Problem statement => Below are some records; output all of them exactly as they read.

━━ Data excerpts ━━

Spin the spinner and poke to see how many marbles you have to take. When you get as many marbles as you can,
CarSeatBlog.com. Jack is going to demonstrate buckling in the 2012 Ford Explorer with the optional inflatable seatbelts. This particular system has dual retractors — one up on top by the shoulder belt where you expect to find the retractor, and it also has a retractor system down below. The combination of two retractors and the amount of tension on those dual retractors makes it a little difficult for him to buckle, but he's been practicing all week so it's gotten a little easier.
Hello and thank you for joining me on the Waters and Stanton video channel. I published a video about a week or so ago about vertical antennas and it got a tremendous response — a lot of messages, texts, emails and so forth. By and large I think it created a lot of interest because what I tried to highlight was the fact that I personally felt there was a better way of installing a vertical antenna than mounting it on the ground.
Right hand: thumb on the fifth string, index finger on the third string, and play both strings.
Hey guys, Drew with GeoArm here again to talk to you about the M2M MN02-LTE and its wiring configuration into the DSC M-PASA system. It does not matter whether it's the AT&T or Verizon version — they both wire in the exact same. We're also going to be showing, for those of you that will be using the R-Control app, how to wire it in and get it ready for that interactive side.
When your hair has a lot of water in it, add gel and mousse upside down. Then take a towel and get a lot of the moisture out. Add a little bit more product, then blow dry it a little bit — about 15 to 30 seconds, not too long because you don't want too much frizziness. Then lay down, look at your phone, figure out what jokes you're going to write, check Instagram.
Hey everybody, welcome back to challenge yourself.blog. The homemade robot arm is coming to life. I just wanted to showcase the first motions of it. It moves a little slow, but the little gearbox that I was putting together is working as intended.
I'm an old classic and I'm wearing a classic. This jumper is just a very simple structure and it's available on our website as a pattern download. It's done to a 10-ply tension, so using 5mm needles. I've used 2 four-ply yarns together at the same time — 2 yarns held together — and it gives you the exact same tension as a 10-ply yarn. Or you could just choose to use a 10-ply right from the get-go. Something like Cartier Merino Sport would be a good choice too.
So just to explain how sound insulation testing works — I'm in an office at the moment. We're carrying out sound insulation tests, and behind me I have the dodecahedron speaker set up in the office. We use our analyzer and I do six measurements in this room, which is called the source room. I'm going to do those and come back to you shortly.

━━━

The completed task =>
Spin the spinner and poke to see how many marbles you have to take. When you get as many marbles as you can,
CarSeatBlog.com. Jack is going to demonstrate buckling in the 2012 Ford Explorer with the optional inflatable seatbelts. This particular system has dual retractors — one up on top by the shoulder belt where you expect to find the retractor, and it also has a retractor system down below. The combination of two retractors and the amount of tension on those dual retractors makes it a little difficult for him to buckle, but he's been practicing all week so it's gotten a little easier.
Hello and thank you for joining me on the Waters and Stanton video channel. I published a video about a week or so ago about vertical antennas and it got a tremendous response — a lot of messages, texts, emails and so forth. By and large I think it created a lot of interest because what I tried to highlight was the fact that I personally felt there was a better way of installing a vertical antenna than mounting it on the ground.
Right hand: thumb on the fifth string, index finger on the third string, and play both strings.
Hey guys, Drew with GeoArm here again to talk to you about the M2M MN02-LTE and its wiring configuration into the DSC M-PASA system. It does not matter whether it's the AT&T or Verizon version — they both wire in the exact same. We're also going to be showing, for those of you that will be using the R-Control app, how to wire it in and get it ready for that interactive side.
When your hair has a lot of water in it, add gel and mousse upside down. Then take a towel and get a lot of the moisture out. Add a little bit more product, then blow dry it a little bit — about 15 to 30 seconds, not too long because you don't want too much frizziness. Then lay down, look at your phone, figure out what jokes you're going to write, check Instagram.
Hey everybody, welcome back to challenge yourself.blog. The homemade robot arm is coming to life. I just wanted to showcase the first motions of it. It moves a little slow, but the little gearbox that I was putting together is working as intended.
I'm an old classic and I'm wearing a classic. This jumper is just a very simple structure and it's available on our website as a pattern download. It's done to a 10-ply tension, so using 5mm needles. I've used 2 four-ply yarns together at the same time — 2 yarns held together — and it gives you the exact same tension as a 10-ply yarn. Or you could just choose to use a 10-ply right from the get-go. Something like Cartier Merino Sport would be a good choice too.
So just to explain how sound insulation testing works — I'm in an office at the moment. We're carrying out sound insulation tests, and behind me I have the dodecahedron speaker set up in the office. We use our analyzer and I do six measurements in this room, which is called the source room. I'm going to do those and come back to you shortly.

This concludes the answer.